Essai de la semaine : Le destin à inventer de la Tunisie

Une enquête sur les conditions difficiles de la transition démocratique dans ce pays du Maghreb.

Olivier Doubre  • 12 juillet 2012 abonné·es

Ouvrant notre récent dossier sur le « printemps arabe », Denis Sieffert rappelait [^2], dix-huit mois après la chute de Ben Ali (le 14 janvier 2011) : « Après l’illusion lyrique des premières semaines, nous redécouvrons que les processus révolutionnaires sont longs et chaotiques. » C’est bien ce qui apparaît à la lecture de la rigoureuse enquête de Pierre Puchot au cœur de la Tunisie post-révolutionnaire. L’auteur, correspondant de Mediapart au Maghreb et au Moyen-Orient, avait déjà séjourné depuis 2008 à de nombreuses reprises dans la Tunisie de Ben Ali et assisté au soulèvement des Tunisiens [^3]. Il a poursuivi son immersion dans ce pays pendant plus d’un an, pour tenter d’ « entrer dans l’intimité du corps de l’État tunisien, l’ausculter comme le ferait un chirurgien […], prendre son pouls, appréhender son mal, sentir son souffle de vie pour livrer un premier diagnostic sur la transition tunisienne ».
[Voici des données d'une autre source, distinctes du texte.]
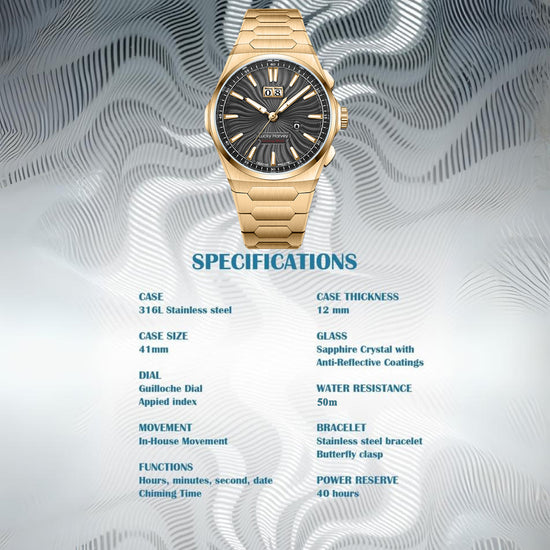 【Limited Edition】Sound Of Nature Guilloché Gold Dial Big Date Chiming Automatic Watch Lucky Harvey TIMEMASTER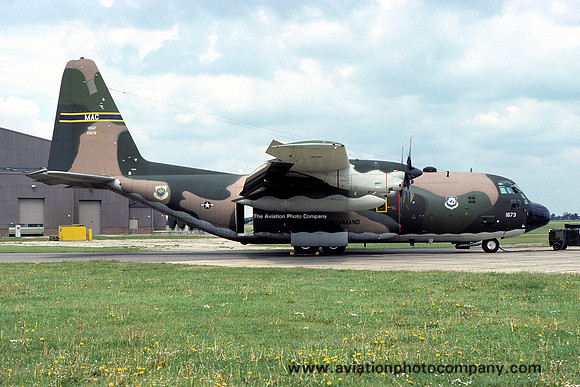 USAF 463rd Tactical Airlift Wing Lockheed C-130H Hercules 74-1673 at RAF Mildenhall (1976)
Beaucoup de progressistes du ** monde entier, Occidentaux en tête, emportés par leur allégresse au soir du 14 janvier 2011, avaient cru que, « libérée du dictateur honni » après un petit mois de manifestations, la Tunisie était, d’un coup d’un seul, devenue démocratique. Le livre de Pierre Puchot se charge de les rappeler aux rudes réalités de l’histoire en prévenant d’emblée que, « par la description des coulisses du climat de terreur instauré par les autorités pour se maintenir en selle, [son] ouvrage donne à comprendre les mécanismes juridiques et politiques de la confiscation de la révolution tunisienne  ». Car le départ du seul Ben Ali et de sa femme, l’odieuse Leila Trabelsi, n’a évidemment pas suffi à bouleverser le pays tout entier. Les habitudes d’une caste au pouvoir depuis des décennies, d’une police politique violente et corrompue, de médias aux ordres, dont certains journalistes sont aussi fonctionnaires du ministère de l’Intérieur, ont la vie dure. Le grand apport de l’enquête de Pierre Puchot, après les élections de l’Assemblée constituante qui, en novembre 2011, ont donné une majorité relative aux islamistes modérés du parti Ennahda, est de nous mettre en garde contre nos réflexes occidentaux vis-à-vis de ce parti. Selon Moncef Marzouki, l’ancien exilé devenu président de la République, il faut sortir de cette « dichotomie franco-française » qui croit qu’il y a « les laïques et les obscurantistes » et « accepter qu’une partie conservatrice de la société demande à jouer un rôle ». Il s’agit en fait d’appréhender la révolution tunisienne « avant tout [comme] l’histoire d’un rapport de forces permanent, entre la rue, la société civile renaissante et l’establishment d’hier, ce dernier étant prêt à tout pour conserver sa place dans cette Tunisie nouvelle ».

[^2]: Cf. Politis n° 1209, du 28 juin 2012.

[^3]: Il en avait tiré son premier ouvrage, déjà remarqué : Tunisie, une révolution arabe, Galaade éditions, 2011.